Saturday, February 9, 2013

SPEED-THE-PLOW • New Jewish Theatre

NJT’s third show of its 16th season features its first play by David Mamet -- Speed-the-Plow, directed here by Tim Ocel.  Debuting in 1988, this play, as many Mamet plays like American Buffalo, Glengarry Glen Ross, November and Oleanna do, looks at moral corruption and power -- exploring the dirty underbelly of human nature with rapid-fire dialogue and a generous sprinkling of "f" words.  Love…  In this case, the underbelly involves the big Hollywood movie-making scene and the trade-offs that are made, and what makes those trade-offs seem worthwhile.

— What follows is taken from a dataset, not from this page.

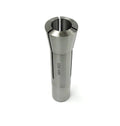 3/4" R8 ROUND COLLET (3900-0822)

Bobby Gould (Christopher Hickey) has recently started a new job as the head of production at a major Hollywood studio.  His friend Charlie Fox (Michael James Reed), who's never been quite as high on the totem pole, has all but secured a Hollywood hit-maker to do a film -- a “prison/buddy” flick, guaranteed to make a butt-load of money for Bobby and Charlie both.  Bobby's agreed to pitch it to his boss and have the studio green light the picture, but they’ve only got 24 hours to secure the deal.  While patting themselves on the back and Charlie dreaming of what it will be like to be a ridiculously rich man, they compare their future hit to a novel that Bob’s boss has asked him to read.  A “courtesy read” before they reject it.  It’s called, “The Bridge or, Radiation and the HalfLife of Society", written by an "Eastern sissy writer".  The novel concerns the end of the world with lofty notions about the decay of civilization.  Charlie and Bobby mock it for being too intellectual and abstract to have the makings of a blockbuster.